The Story of Illinois C-Numbers

By Attorney Josh Tepfer

On February 1, 1978, Illinois made one of its most significant changes to its criminal justice scheme. As of that date, all sentences imposed upon individuals convicted of criminal offenses were made determinate – that is, individuals were sentenced to a specific number of years or days, and, generally speaking [1], the individual would serve that time period incarcerated.

Prior to 1978, all sentences were indeterminate. Under the indeterminate scheme, you would see sentences of ranges, and unless and until an individual reached the maximum, his release would be at the discretion of the parole board. So, for serious offenses like murder, you would see these crazy ranges (like a sentence of 100-300 years). The range of numbers had very little meaning, however, as after a much shorter period of time (usually in the neighborhood of 10 years), the Prisoner Review Board (PRB) would annually determine whether the individual should be released.

But what of the individuals who remained incarcerated for offenses committed prior to February 1978? Well, because most criminal laws only apply going forwards—and cannot be applied retroactively to past criminal cases—those individuals remained on indeterminate sentences. They would still get annual hearings in front of the PRB to determine whether they should be released from custody.

The individuals incarcerated serving indeterminate sentences in Illinois came to be known as “C-numbers.” (This reflected that there Illinois Department of Corrections (IDOC) numbers was prefaced with a “C”). In 1978, when the law changed, this group consisted of roughly 16,500 individuals.

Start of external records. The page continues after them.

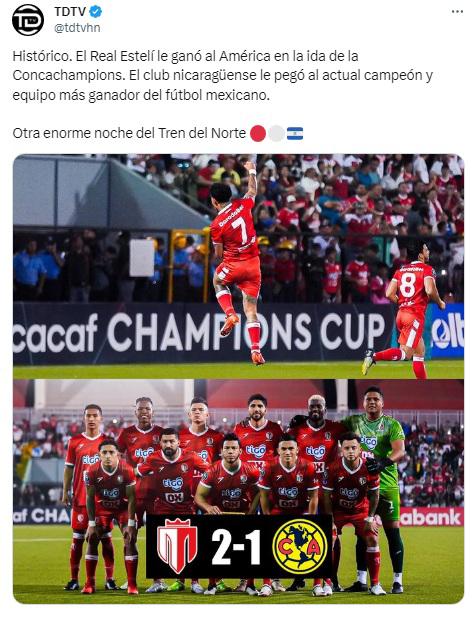 Faitelson desprecia al Real Estelí y la reacción de la prensa tras la victoria sobre América en la Liga de Campeones de Concacaf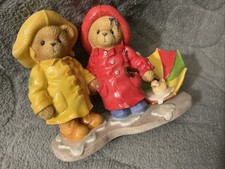 NIB CHERISHED TEDDIES JOEY and LINDSEY We Can Weather Any Storm Together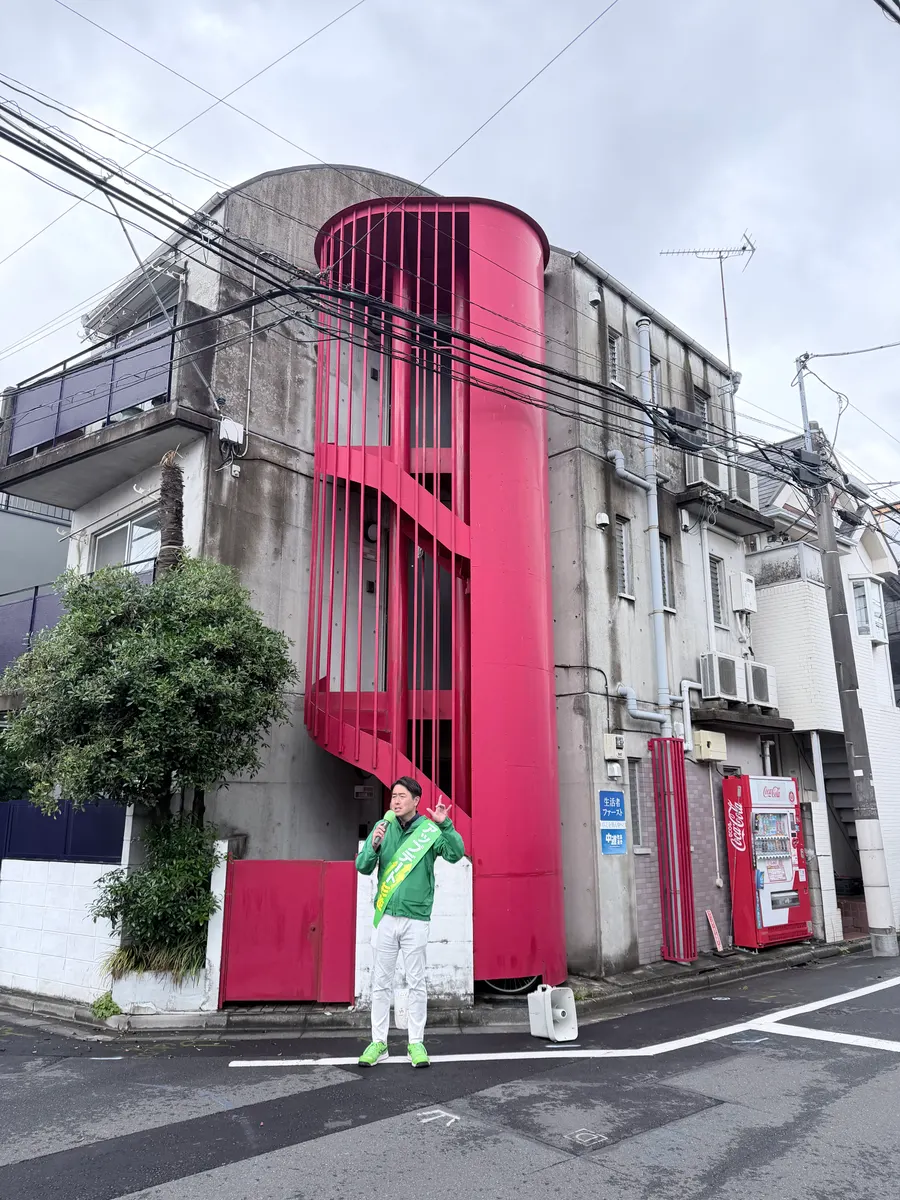 街頭1000本ノックの活動写真（6月9日 午前・荻窪・天沼・清水周辺）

Almost forty years later, “C-numbers” still exist in the Illinois prison population. According to the most recent PRB Annual Report available online, there are somewhere in the neighborhood of 162 C-numbers still incarcerated in IDOC.  Needless to say, the number was whittled down for a variety of ways. For example, some of those individuals completed their maximum sentences so they were released; many have simply died; and some have been granted parole by the PRB.

As you might imagine, the small group that remains consists of some of the most elderly inmates in the Illinois prison population. Many are sick or wheelchair bound. It is hard to imagine they pose any real risk of re-offending.

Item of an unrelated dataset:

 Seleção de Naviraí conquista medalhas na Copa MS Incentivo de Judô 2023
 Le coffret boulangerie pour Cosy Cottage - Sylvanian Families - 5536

At the same time, given that these individuals have mostly [2] been incarcerated for nearing four decades, you might imagine that the crimes for which these individuals are convicted are some of the worst imaginable. They are almost exclusively murders. Some involve murders of law enforcement officers; others involve surrounding facts that are sometimes described as “brutal or heinous” or “indicative of wanton cruelty.”

These C-number cases pose difficult questions. At the forefront is the obvious:

Should individuals who committed heinous offense but pose little-to-no-risk of re-offending be released from prison? Is that fair to victims? Are there situations where the crime is too bad that no amount of rehabilitation suffices to allow release? And if there are such cases, why have these parole hearings at all?

In a series of upcoming posts, the EP blog will explore these questions somewhat unique to C-numbers. We will explore the PRB’s process of adjudicating these parole hearings—a process that may surprise you in any number of ways. You will learn about unique issues faced by C-numbers who claim their innocence, and hopefully a bit more.

[1] The caveat is there were and are other Illinois statutes that allow “good time” credit. The “good time” laws allow the Illinois Department of Corrections discretion to reduce the actual time an individual is in prison. But the actual sentence of years imposed by a judge is determinate.

[2] Again, a caveat: There are some rare exceptions of C-numbers who were charged and convicted of crimes that occurred prior to February 1978, but were not arrested or incarcerated until many years later. That is, the crimes were “cold” for many years, until an individual was prosecuted and convicted years later.